I've just spent the past 2 hours trying to capture the events of the day - events that took me through a whole range of emotions, both positive and negative and that threatened to conjure up the full spectrum of the most counter-productive stereotypes held in the South African psyche. I resisted (I'd like to think I did anyway!). I've been forced to confront my dual roles in the research context - as insider and outsider - and powerfully realise that I cannot exclude my history from how I see, engage and represent the research context and myself in that context. To borrow from Lynn Mario de Souza - my history is a fundamental part of the context. How can I possibly try to exclude it from my position as researcher?
I'm sitting here reflecting on the day, revelling in the energy and buzz that makes this place what it is. The contradictions that define our daily lives, our journey to find meaning and to make sense of what is happening in our country and why we act, behave and think the way we do and to find that bits of common ground that join us together, sometimes, irrespective of race or belief.

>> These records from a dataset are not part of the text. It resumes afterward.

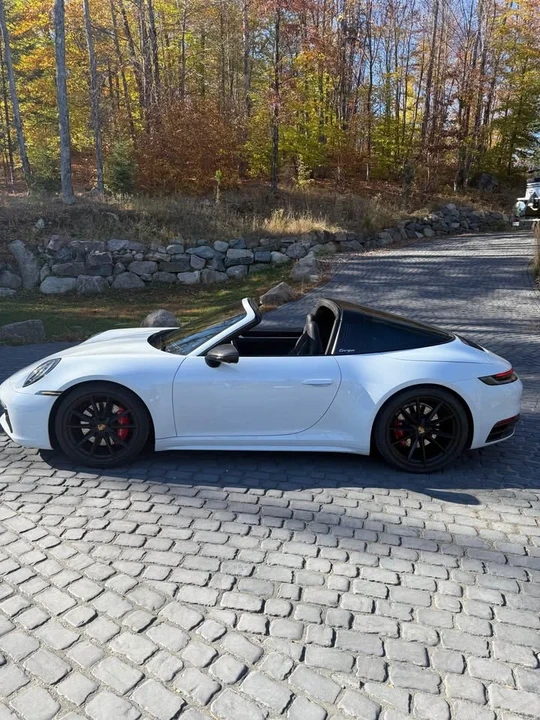2023 Porsche 992 Targa 4 & 4S - Image 2 of 6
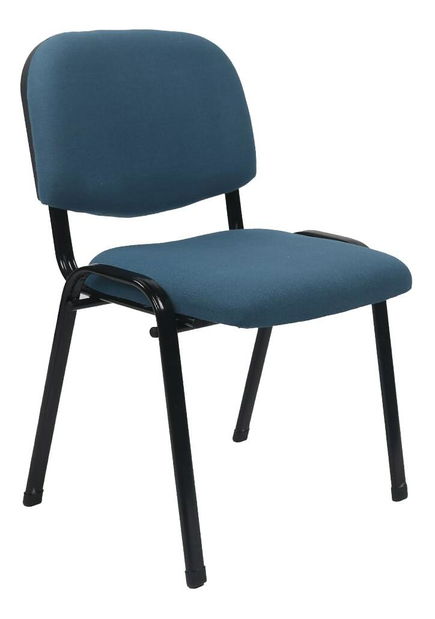 Konferenčná stolička Beys 2 NEW (tmavomodrá)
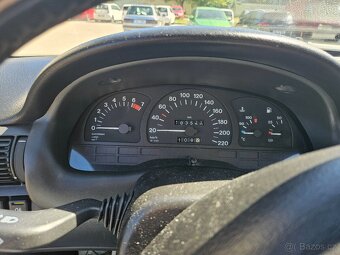Opel Astra cabrio Bertone - 13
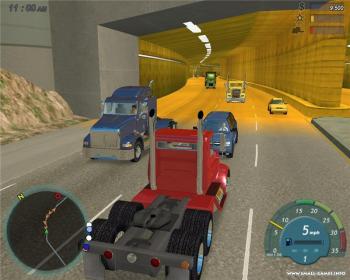 18 Wheels of Steel: Convoy 18 стальных колес: Конвой (2006)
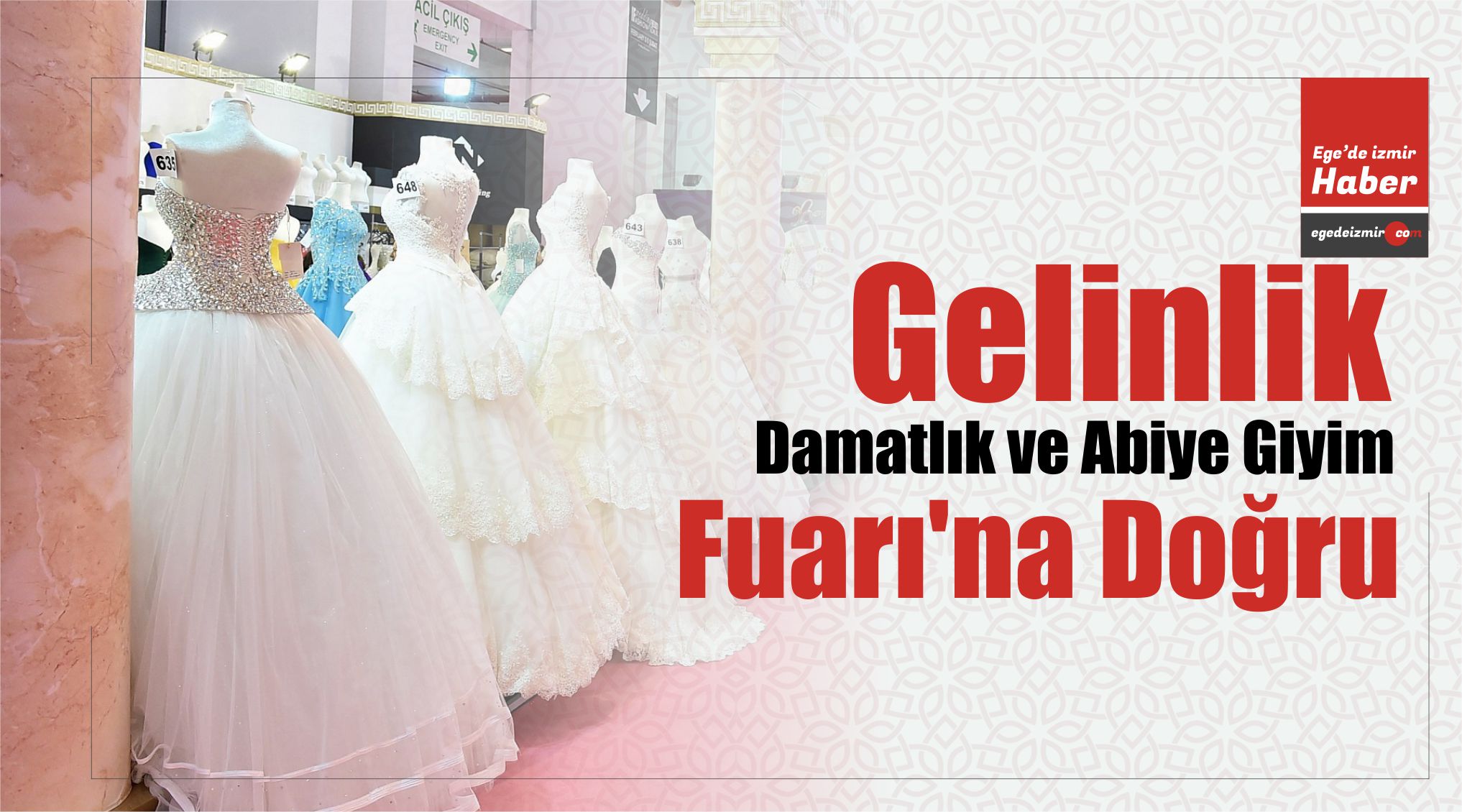 Gelinlik Fuarı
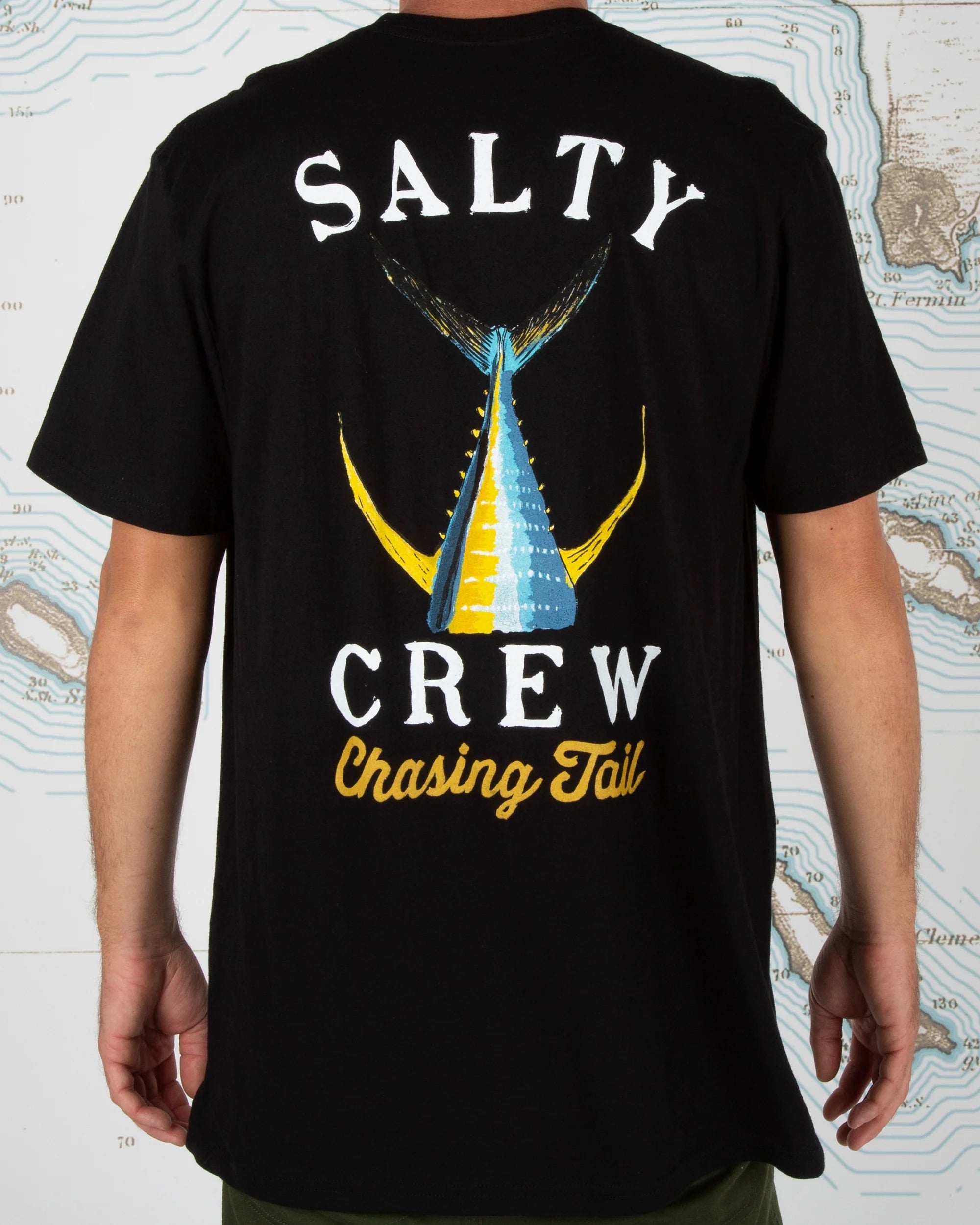 Salty Crew - Tailed Classic SS T-Shirt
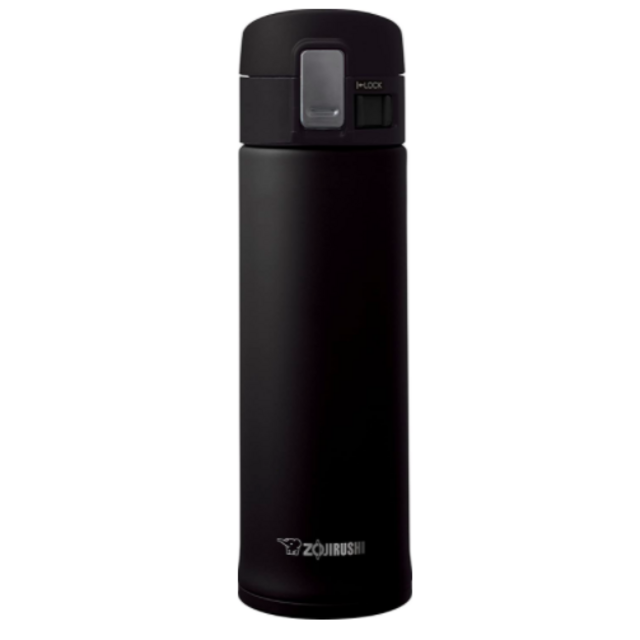 Zojirushi Stainless Steel Mug (Black)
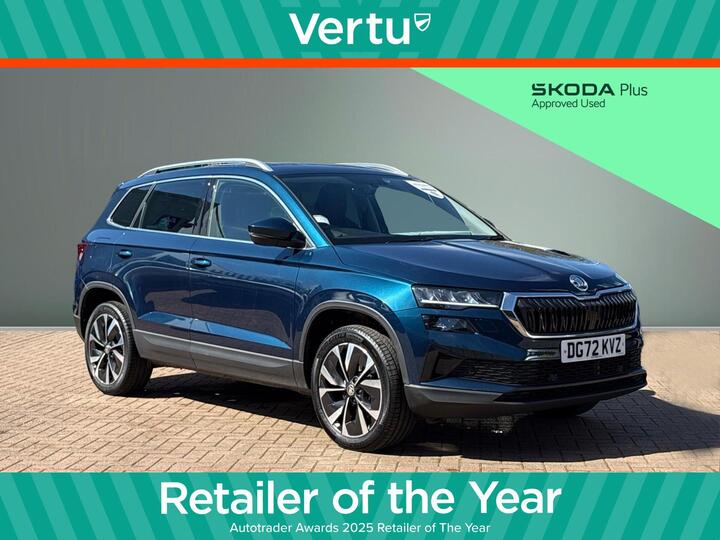 Skoda Karoq 1.5 TSI ACT SE L Euro 6 (s/s) 5dr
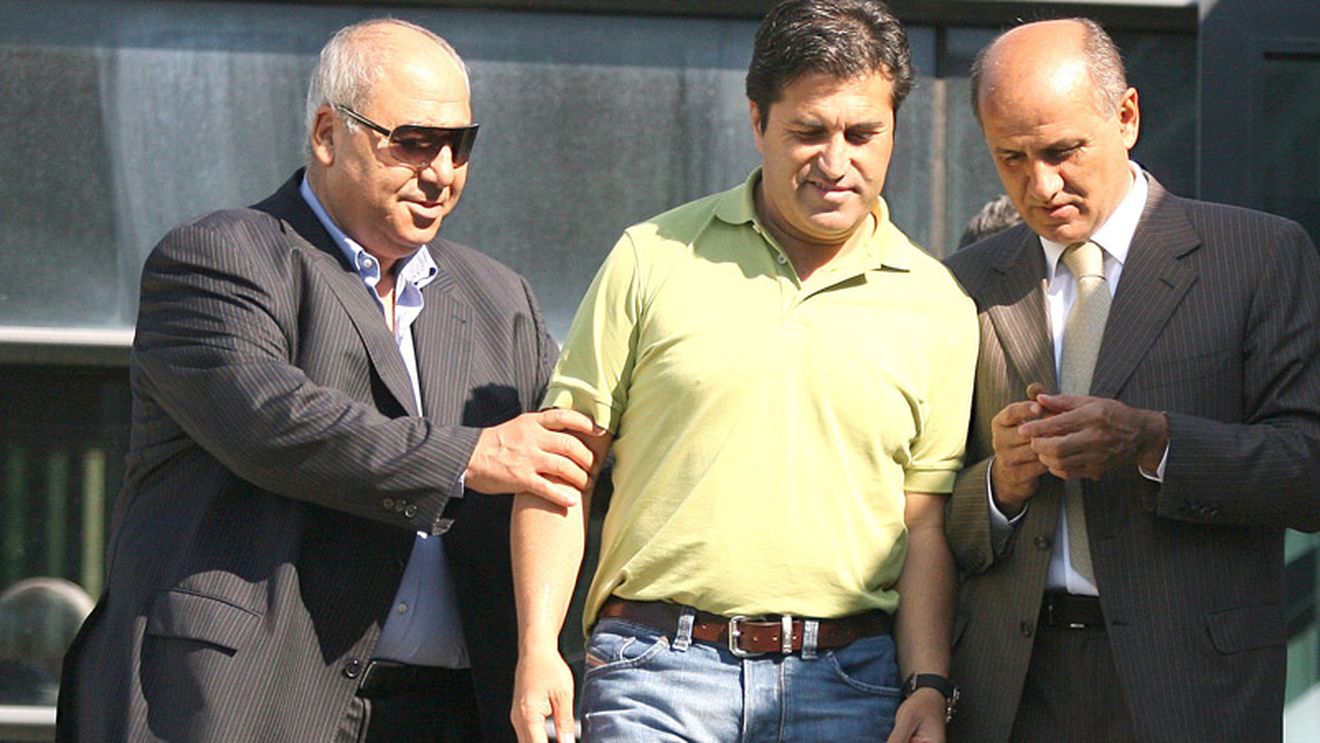 "Cel mai bun transfer al Rapidului: Peseiro"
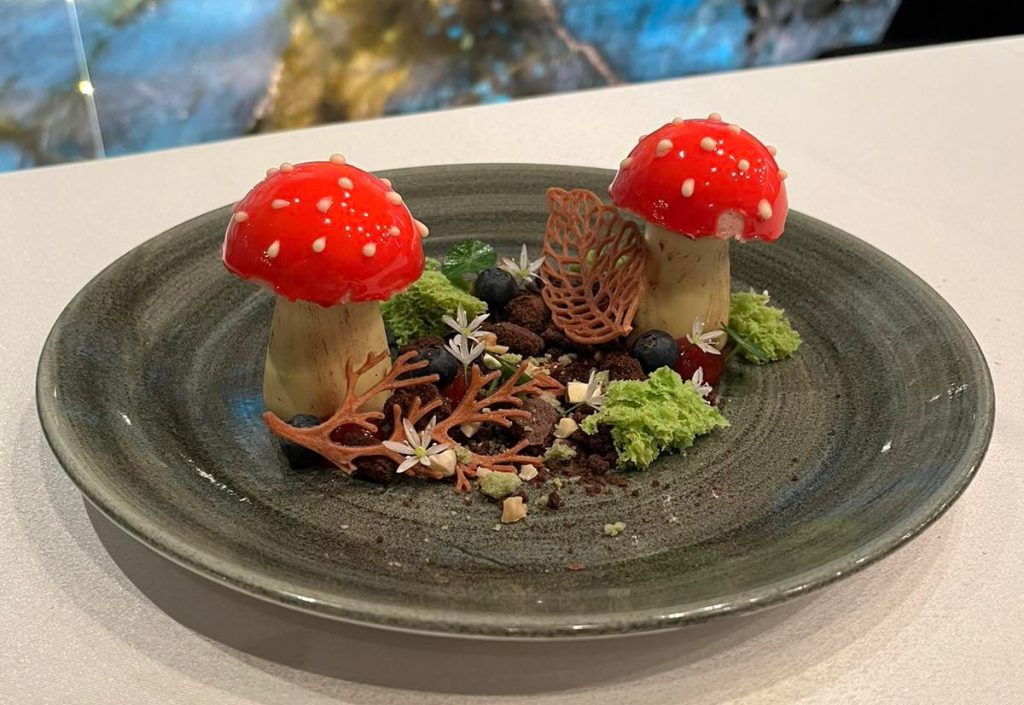 jesenski desert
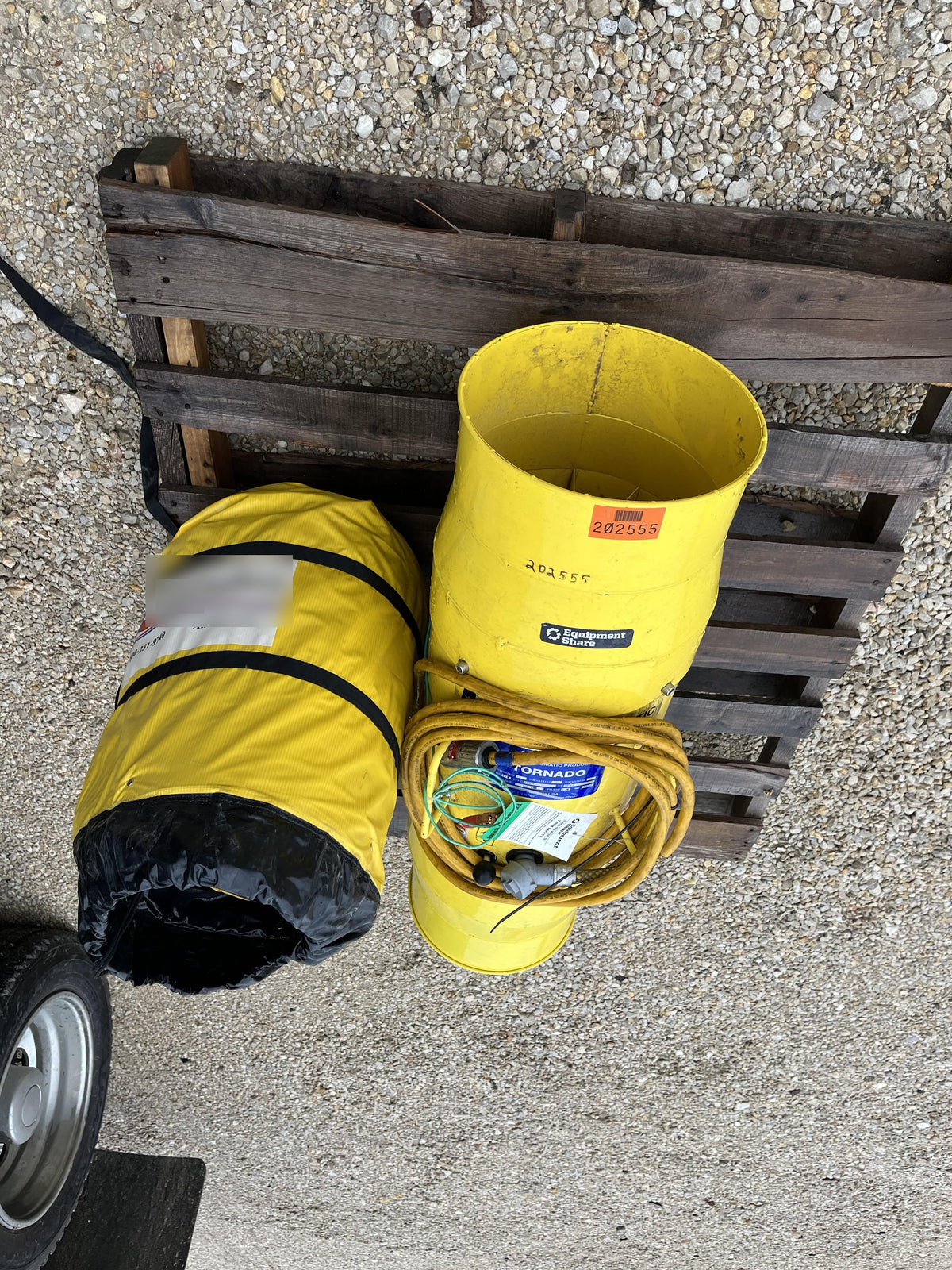 2021 TEXAS PNEUMATIC TOOLS, INC. TB-12-EXP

I met some of my ex-students in Long Street for drinks,which was the perfect antidote to the day. I sat there most of the time just smiling - looking at some more young people being all they can be in this country, although acutely conscious of quirky features that defines our society's ways of being. It's at time like this that everything honourable about being a teacher just make sense to me and just makes me smile with a serious sense of pride.